Peace of Mind Part 1
It probably is not very difficult to put ourselves in the place of the eleven Apostles in the two days immediately following our Lord’s crucifixion and burial.
At no other time in the Gospel do we see a more flawed, pathetic, broken, imperfect, and (dare we say) human group of men. These were the chosen ones of our Savior, the men He lovingly called His intimate friends (not His servants). To them much was given and, rightfully, much should have been expected. So their incredible failure to rise to expectations during the Passion left them with much to think about.
Enough time had now passed to allow them at least some reflection to those last events of Christ’s life, on their behavior at His arrest which likely had surprised them. Perhaps it was the topic of discussion separated by long intervals of embarrassed silence. Maybe some of them had a hard time looking at St. John who, of them all, managed to follow Christ and stand at the foot of the Cross; maybe some were upset at Peter, whose personal boast of fidelity to Christ at the Last Supper led them all to make similar boasts; perhaps some thought of our Lady, the tremendous sorrow she experienced, and how they abandoned her along with our Lord.
They must have mulled over all the things Christ said and did the past three years, recalling all the incidents and miracles, those quiet evenings when He taught them the meanings of the parables, how He always displayed command over every situation, yet now utterly baffled by a such a dramatic change of events when all power seemed to abandon Him. How then to reconcile all that with the strange news that Christ had been seen risen and alive, cautiously recalling His words that He would rise again on the third day.
And through the myriad of emotions and confusion lay this most profound disappointment in themselves for not being better than they were, for not rising to the occasion when our Lord needed them most, perhaps then wondering that, if it indeed is true that Christ was risen, what kind of reception – if any – should they expect from Him. The locked doors of that Upper Room where they now sat in fear, that same room where forty-eight hours earlier Jesus Christ established the priesthood, ordained them bishops, and gave them the Holy Eucharist for the first time, were indicative of hearts locked in turmoil, yet so desiring resolve.
But those locked doors were no match for Christ, and so it certainly took the Apostles by surprise when He appears before them and, amidst many things He could have said, He announces Peace. Not a shred of disappointment, anger, or sadness in our Savior’s tone, something they all knew they deserved. Rather, it was a salutation that read right into the turmoil of their hearts, that acknowledged their weakness, that forgave their failure, and would dispose them to the new life He came to bring and to undertake the mission He was about to bestow. With one word, the air was cleared: that same word our Lord used two years earlier to calm the storm at sea, He now uses to calm the storm in their souls. It would be the first word of the Resurrected Christ to His Church: Peace.

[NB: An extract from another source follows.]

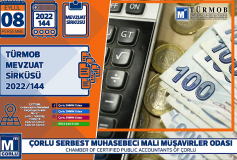 Türmob Mevzuat Sirküsü 2022/144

And in this one word did our Lord sum up all of His teachings and commandments about how to attain eternal life, about how to possess true happiness, teachings put to the extreme test of the Crucifixion, found to be all that is good and true, and validated by the Resurrection. By greeting the Apostles with this word, our Lord – now Resurrected while bearing the scars of the Crucifixion – insists that He alone is the basis of true and lasting peace. But why?
This all depends upon what is meant by peace. Christ emphasized through His life that the peace He brings is not what the world desires or expects (cf. Jn. 14:27). The spirit of the world has no use for the peace Christ offers, and that is precisely why our Lord says in this regard that He did not come to bring peace but the sword, (Mt. 10:34) that He will be cause of division in houses to the extent of putting father against son, mother against daughter, and so forth. (cf. Lk. 12:53)
Therefore, peace is not to be equated with absence of strife, nor is it to be confused with tranquility plain and simple. A thief can be quite tranquil in his stolen merchandise.
Rather, peace is the tranquility of order.
And since peace deals with order, it is necessarily related to justice, since justice entails proper respect of order. It was only after the infinite injustice of sin against God was requited by Christ’s crucifixion could there be an affirmation of true peace; it was impossible otherwise. Jesus Christ came to restore the order that had been upset by sin, which caused man to be at enmity with God, and to extend to us through His Church a real participation in the continued restoration of that order until the end of time.
So in extending peace, Christ was extending and establishing Himself as the only source of true peace between man and God, our fellow neighbor, and within ourselves.